Death of axotomized retinal ganglion cells delayed after intraoptic nerve transplantation of olfactory ensheathing cells in adult rats.

Intraorbital transection of the optic nerve (ON) always induces ultimate apoptosis of retinal ganglion cells (RGCs) and consequently irreversible defects of vision function. It was demonstrated that transplanted olfactory ensheathing cells (OECs) in partially injured spinal cord have a distant in vivo neuroprotective effect on descending cortical and brain stem neurons. However, this study gave no answers to the question whether OECs can protect the central sensitive neurons with a closer axonal injury because different neurons respond variously to similar axonal injury and the distance between the neuronal soma and axonal injury site has a definite effect on the severity of neuronal response and apoptosis. In the present study, we investigated the effect of transplanted OECs on RGCs after intraorbital ON transection in adult rats.

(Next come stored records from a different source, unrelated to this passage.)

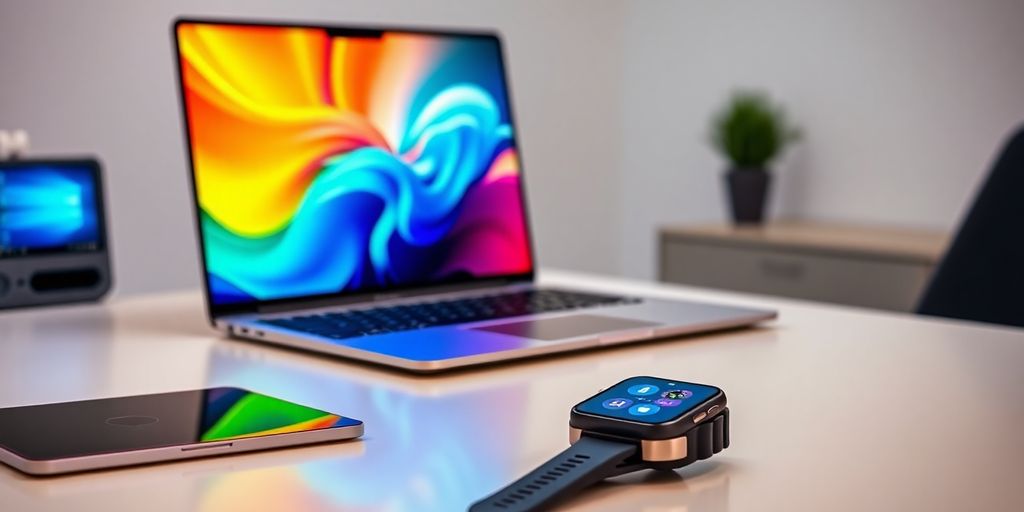 Futuristic laptop, tablet, and smartwatch on a desk.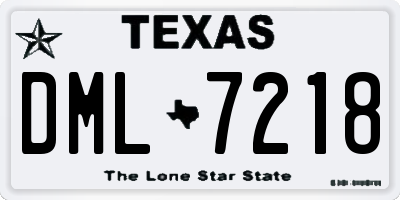 TX license plate DML7218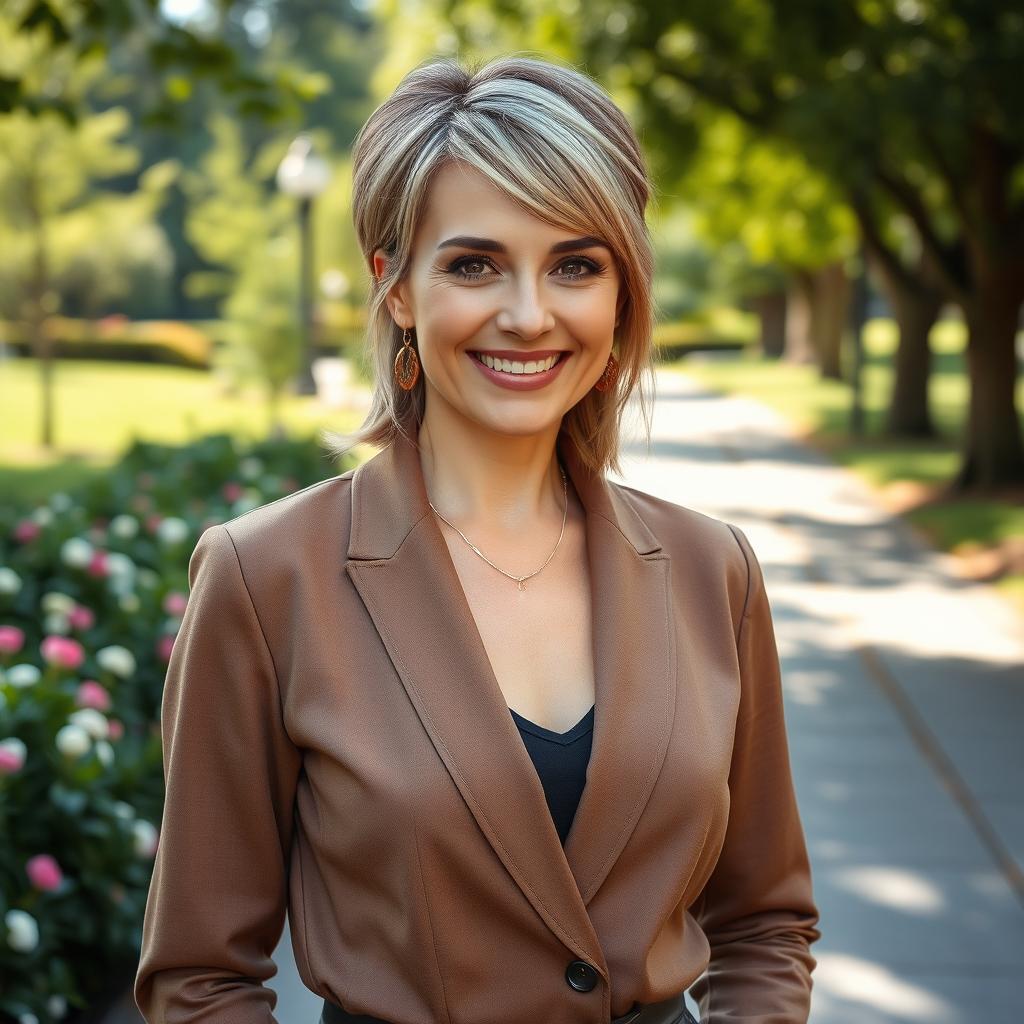 A striking and attractive Russian woman aged 45-50, showcasing a trendy and chic hairstyle that complements her sophisticated look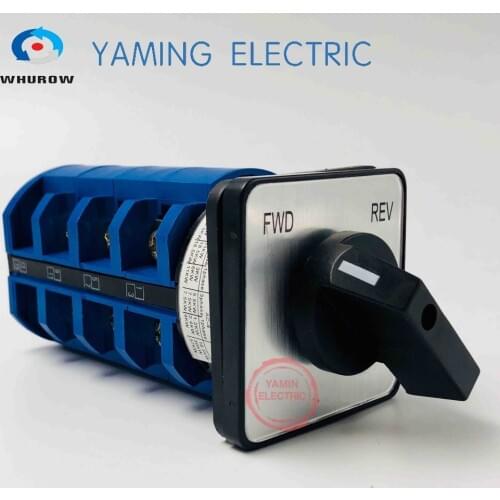 2 position FWD-REV Rotary switch knob 690V 63A 4 poles 16 terminals Universal cam switch silver contact LW26 YMW26-63/4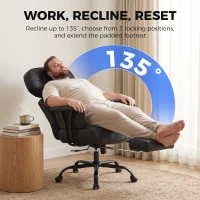 HOMCOM Office Chair, Big and Tall Desk Chair with Footrest, Wide Seat, Leathaire, Reclining Back, Swivel Wheels, Black(m-6)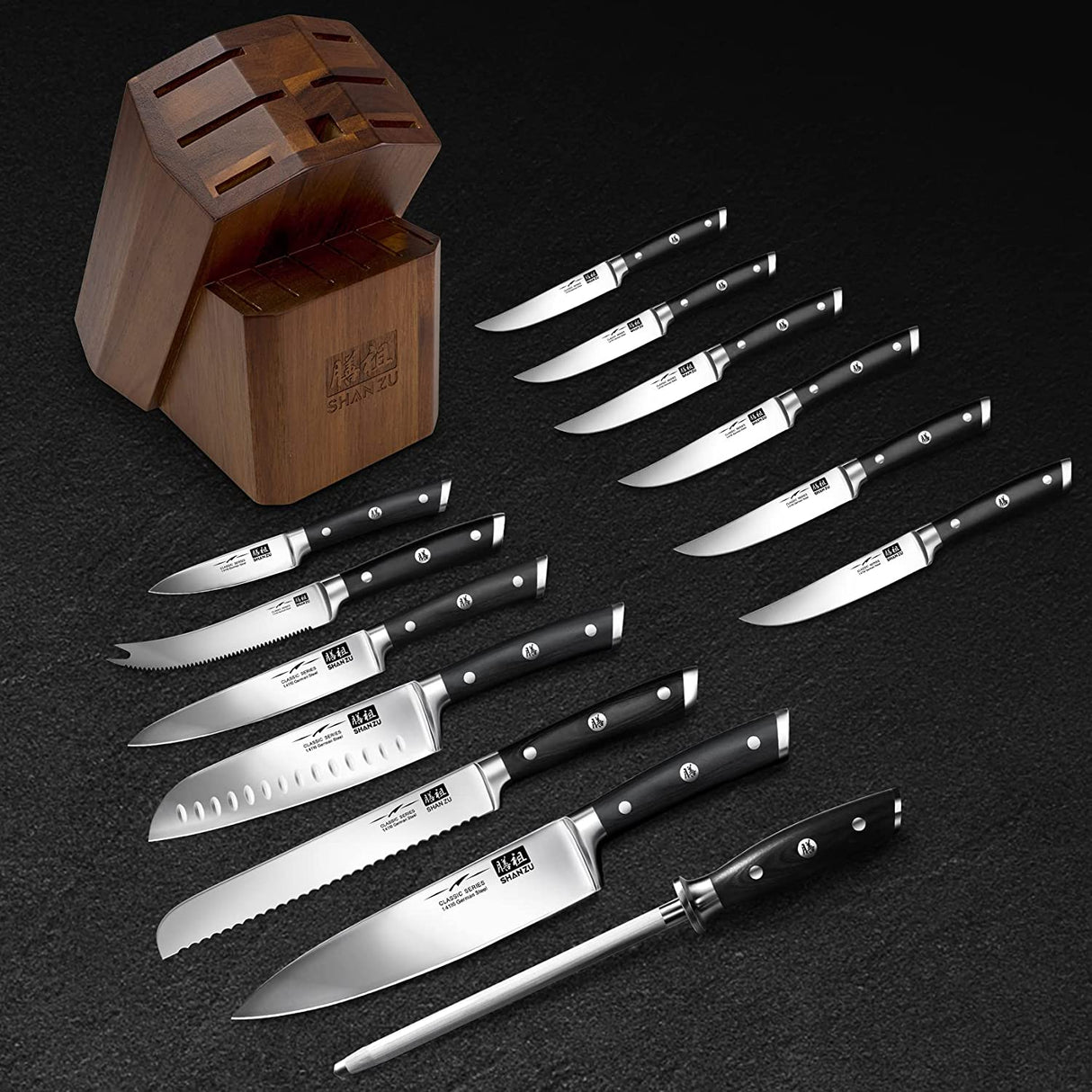 German Steel 14-PCS Knife Set | SHAN ZU Knives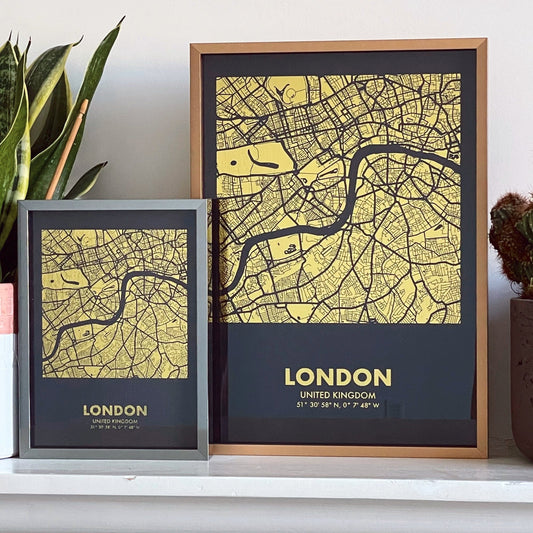 Custom Gold Foil Map Print | Personalised Location Art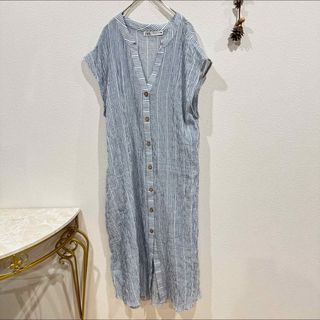 ザラ(ZARA)のZARA ロングワンピース ノースリーブ ストライプ　コットン　ブルー系(ロングワンピース/マキシワンピース)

Green fluorescent protein (GFP)-OECs were injected into the ocular stumps of transected ON and a significantly higher number of surviving RGCs was found together with a consistent marked increase in the mRNA and protein levels of BDNF in the ON stump and retina in the OEC-treated group at 7 days, but not 2 and 14 days, time point when compared to the control group. Our findings suggest that OEC transplantation induces the expression of BDNF in the ocular ON stump and retina and delays the death of axotomized RGCs at a certain survival period.